__WHAT THIS TASK INVOLVES__.
Output every record word for word, minus the pictures.

─── SUPPLIED DATA

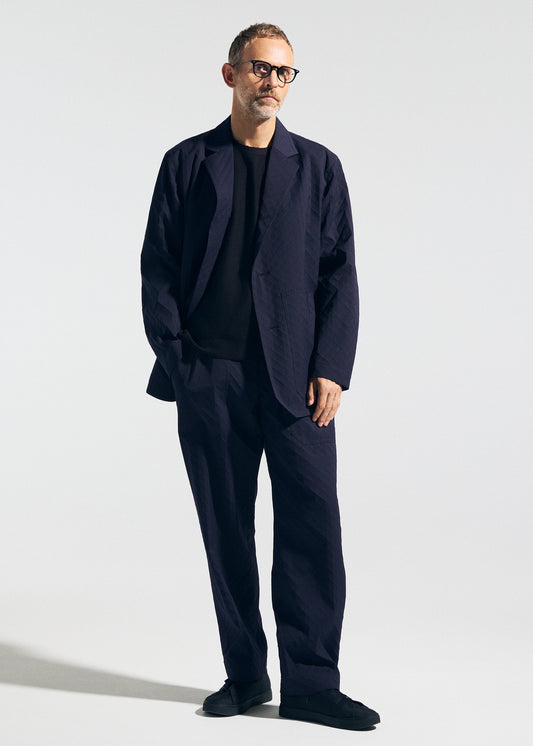 A model wears the A-POC ABLE ISSEY MIYAKE TYPE T 001 2 trousers.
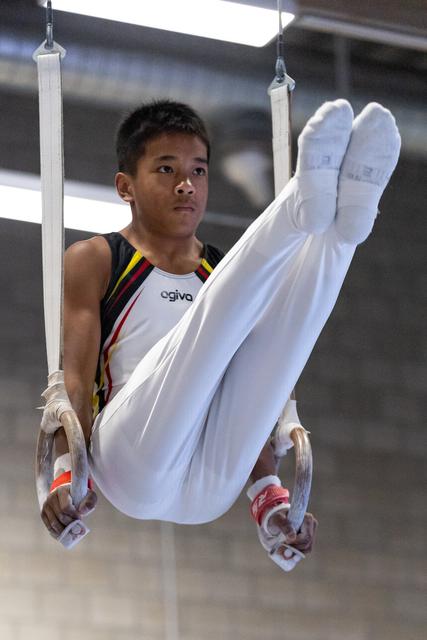 Young gymnast performing an L-sit position on rings, displaying focus and control during his routine at indoor training facility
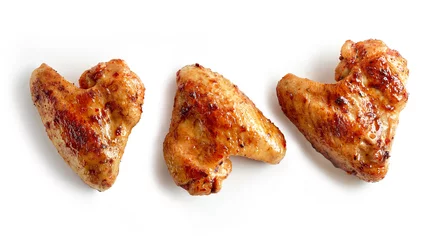 Foto op Plexiglas roasted chicken wings © Mara Zemgaliete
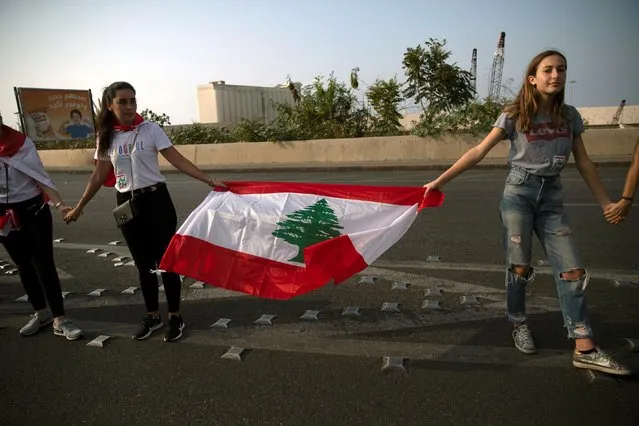 Demonstrators form a human chain during ongoing anti-government protests in Beirut, Lebanon on October 27, 2019. Protesters formed a human chain across Lebanon on Sunday, the eleventh day of unprecedented rallies against politicians accused of corruption and steering the country toward an economic collapse unseen since the 1975-90 civil war. (Photo by Alkis Konstantinidis/Reuters)
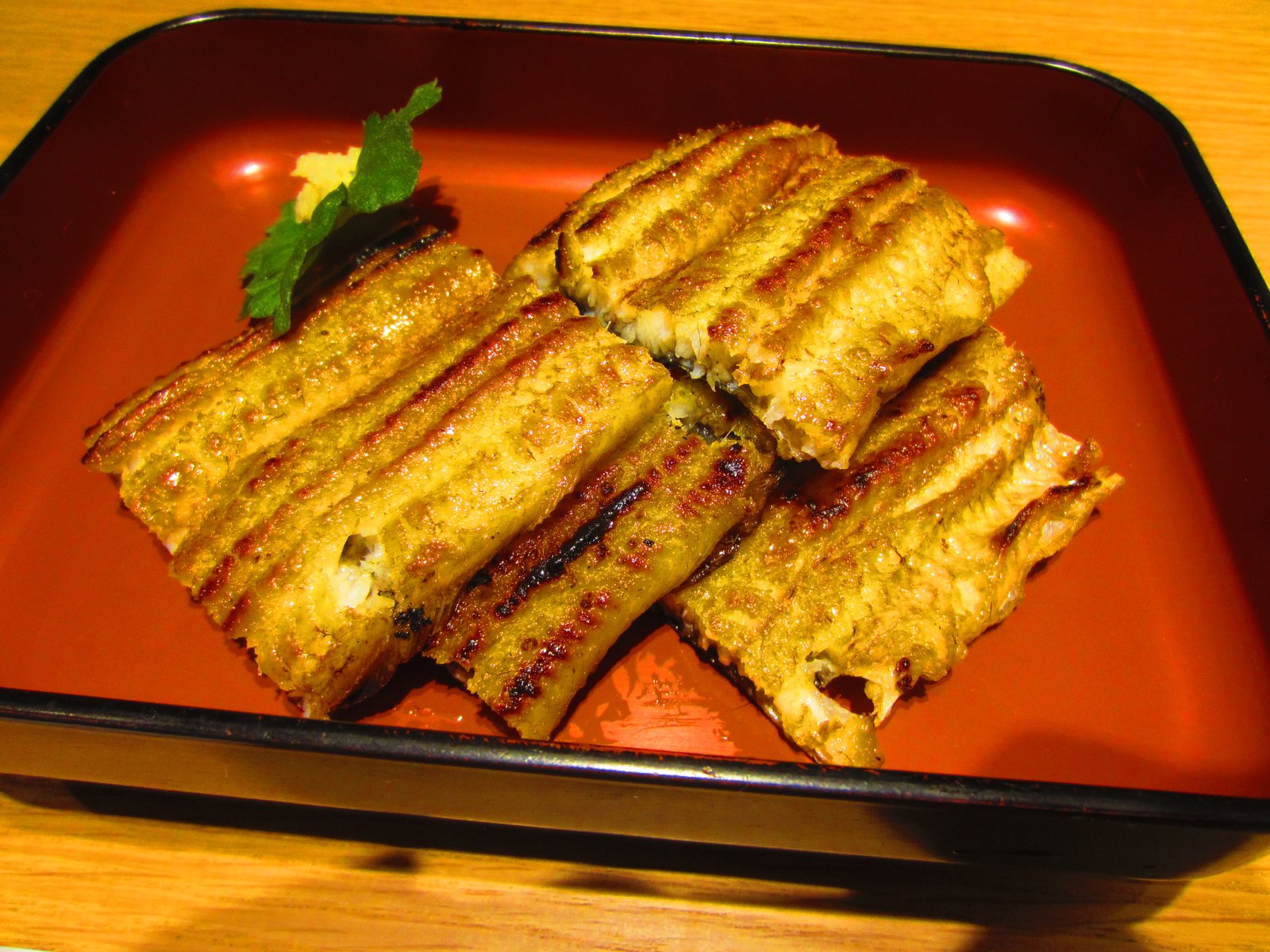 赤い器に並んだ、焼き目の筋が入った鰻の白焼き
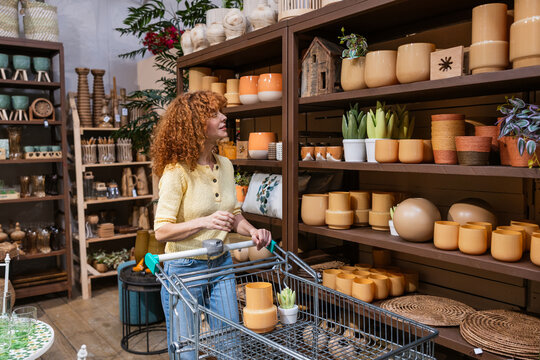 Woman shopping for home decor in garden center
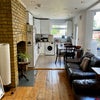 Photo 6: The kitchen and living area.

──────

__RESPONSE AREA__.
 A model wears the A-POC ABLE ISSEY MIYAKE TYPE T 001 2 trousers.
 Young gymnast performing an L-sit position on rings, displaying focus and control during his routine at indoor training facility
 Foto op Plexiglas roasted chicken wings © Mara Zemgaliete
 Demonstrators form a human chain during ongoing anti-government protests in Beirut, Lebanon on October 27, 2019. Protesters formed a human chain across Lebanon on Sunday, the eleventh day of unprecedented rallies against politicians accused of corruption and steering the country toward an economic collapse unseen since the 1975-90 civil war. (Photo by Alkis Konstantinidis/Reuters)
 赤い器に並んだ、焼き目の筋が入った鰻の白焼き
 Woman shopping for home decor in garden center
 Photo 6: The kitchen and living area.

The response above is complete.